Nati (Nathan) Srebro is a professor at the Toyota Technological Institute at Chicago, with cross-appointments at the University of Chicago's Department of Computer Science, and Committee on Computational and Applied Mathematics. He obtained his PhD from the Massachusetts Institute of Technology in 2004, and previously was a postdoctoral fellow at the University of Toronto, a visiting scientist at IBM, and an associate professor at the Technion.
Srebro’s research encompasses methodological, statistical and computational aspects of machine learning, as well as related problems in optimization.
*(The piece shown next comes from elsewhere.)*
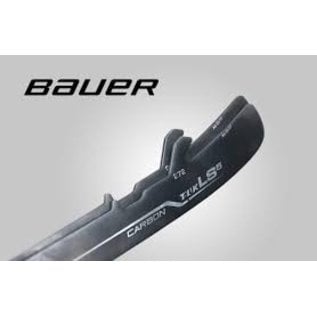 BAU Bauer LS5 Edge Carbon Steel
Some of Srebro’s significant contributions include work on learning “wider” Markov networks, introducing the use of the nuclear norm for machine learning and matrix reconstruction, work on fast optimization techniques for machine learning, and on the relationship between learning and optimization. His current interests include understanding deep learning through a detailed understanding of optimization, distributed and federated learning, algorithmic fairness and practical adaptive data analysis.
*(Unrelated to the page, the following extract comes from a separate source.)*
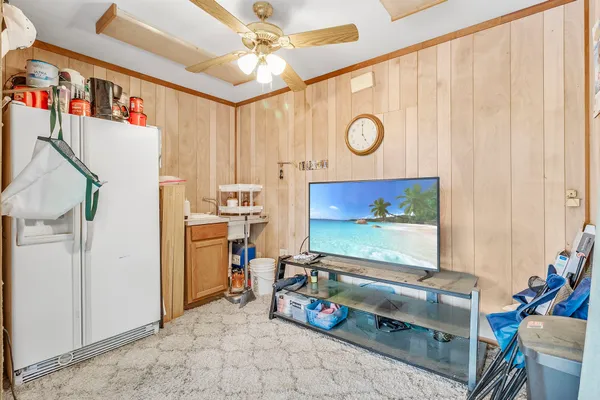 $375,000 | 36 Jamaica Lane, Normangee, TX 77871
- Summer Cluster: Deep Learning Theory, Summer 2022. Visiting Scientist, Program Organizer and Workshop Organizer.
- Summer Cluster: Interpretable Machine Learning, Summer 2022. Visiting Scientist.
- Computational Complexity of Statistical Inference, Fall 2021. Visiting Scientist.
- Foundations of Deep Learning, Summer 2019. Visiting Scientist.
- Summer Cluster: Fairness, Summer 2019. Visiting Scientist.
- Foundations of Machine Learning, Spring 2017. Visiting Scientist.